Brittany Schock / Asst. photo editor

Fifty years ago Monday, former Sen. John Glenn became the first American to orbit the earth, beginning a legacy of flight and research at NASA. On this anniversary, Glenn offered golden nuggets about the past and future of space flight.

Speaking at a news conference in promotion of the NASA Future Forum, Glenn was more interested in the future than his past.

“I’m more interested in a live-acy than a legacy,” Glenn said. “You use the past to step forward to the future.”

Throughout the conference, Glenn emphasized the importance of research, such as that done aboard the international space station. Glenn called the cancellation of NASA’s space shuttle program a “drastic error.” Without a means to deliver our own men to the station, Glenn said we’ve lost many research opportunities.

NASA astronauts use the Russian Soyuz spacecraft to get to the International Space Station.

“I just hope every day that the Soyuz keep functioning well, because that’s our only way of getting up,” Glenn said.

NASA administrator Charles Bolden agreed, saying he hopes that private commercial space programs can get America back on track in space.

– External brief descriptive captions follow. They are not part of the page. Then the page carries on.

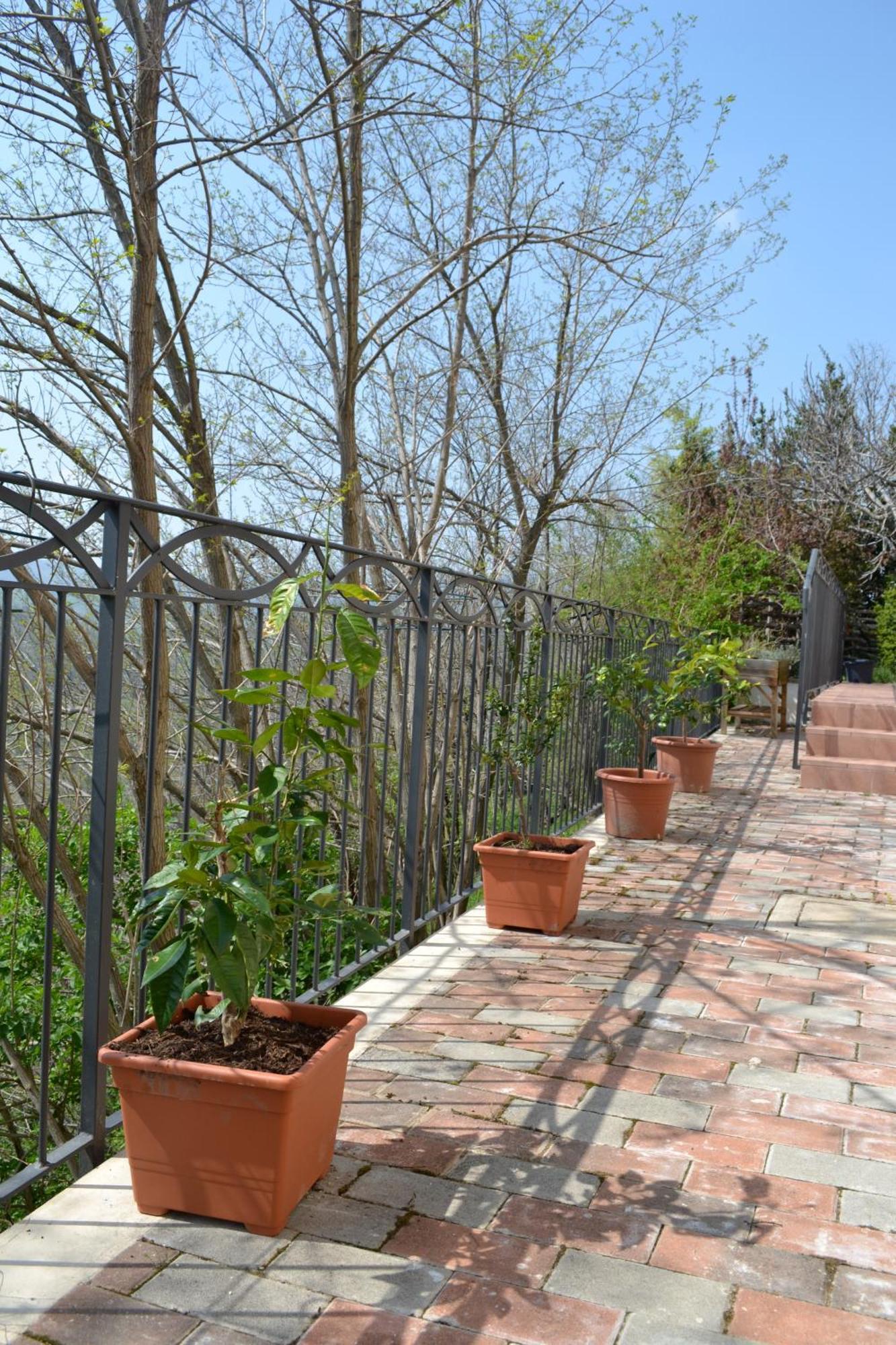 B&B Ca Biocco Sogliano al Rubicone Exteriér fotografie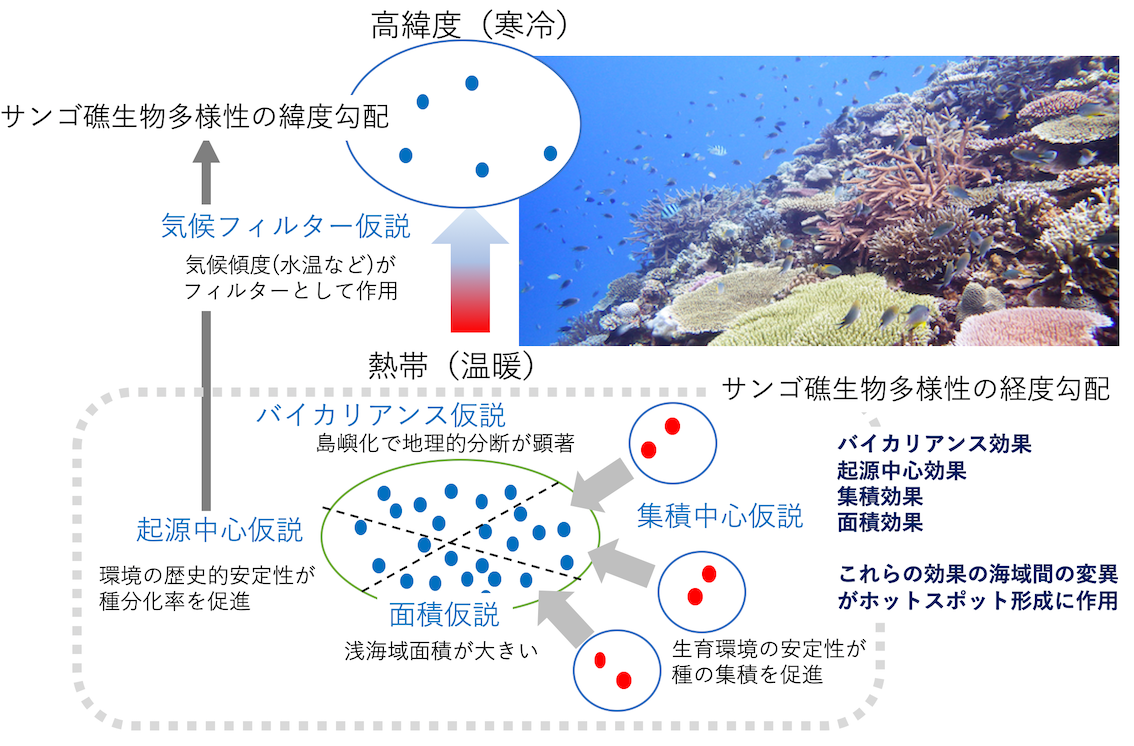 名称未設定6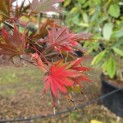 Acer palmatum Masu-kagami - 3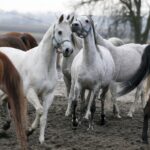29.01.2016 Michałów. Stadnina koni. Nowo narodzone źrebaki, ich mamy i inne klacze w ciąży na krótkim, zimowym wybiegu. / Jarosław Kubalski / Radio Kielce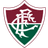 Fluminense SC logo - Live Bra Catarinense Division 33241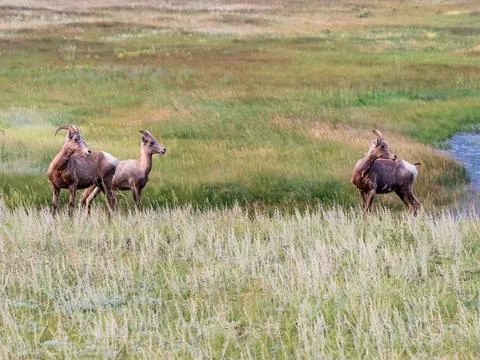 Bighorn sheep duo standing alert in a grassy meadow. Foto stock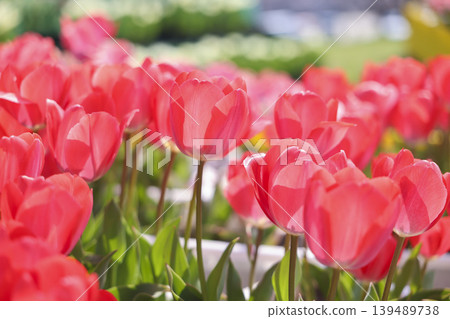Tulips in full bloom in the park Tulips in full bloom in the park 139489738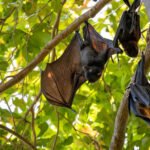 ब्याटमा कसरी उत्पत्ति हुन्छ नयाँ कोरोना भाइरस? अष्ट्रेलियाली वैज्ञानिकहरूको अनुसन्धानले दियो महत्त्वपूर्ण संकेत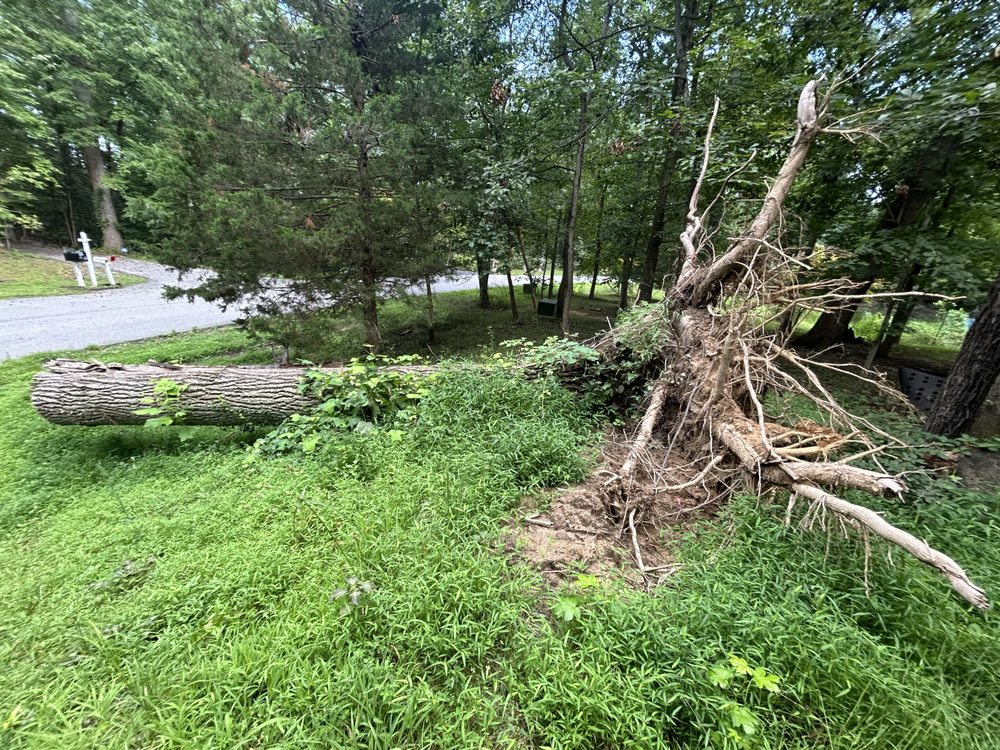 JV Landscape And Tree Services - tree service in Annapolis, MD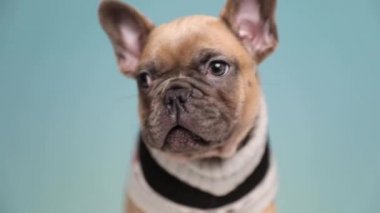 Elbise giymiş, ağzı yalayan küçük bir Fransız Bulldog 'u yakın çekimde mavi stüdyo arka planında üzgün bir şekilde etrafa bakıyor.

He said plans are set to have a new U.S. space vehicle by 2017.

“We need to get back to using our own resources to get to space,” Bolden said.

An interesting aspect of the day was a social media project through the John Glenn School of Public Affairs’ twitter account, @GlennSchool, was to live tweet Glenn’s 1962 mission, as if it were happening today. With tweets scheduled down to the second of Glenn’s orbit of the Earth, the project tweeted details of the mission and conversation between Glenn and NASA from the start of the mission to the end of the three-orbit endeavor.

Both men heavily emphasized the importance of education to our nation and the future of NASA’s flight and research.

“The most strident battle that the nation has right now, in my mind, is educating our kids,” Bolden said.

Bolden called the International Space Station the “most incredible national laboratory right now,” and said, “We need to be proud of it.” Part of being proud of the station is teaching our kids to take the hard courses in math and science, Bolden said.

“We lead the world in higher education — that’s a fact,” Glenn said. The issue, he said, lies in kindergarten through high school.

“Unless we correct our K-12 education system, we are in trouble for the long haul,” Glenn said.

Glenn and Bolden spoke about how important commemorative days like Monday are to promoting education. We can use the past to encourage kids to work in science, Glenn said.

“If there’s no one to follow, then it’s lost,” Bolden said. He wants to make “hundreds, thousands” more John Glenns.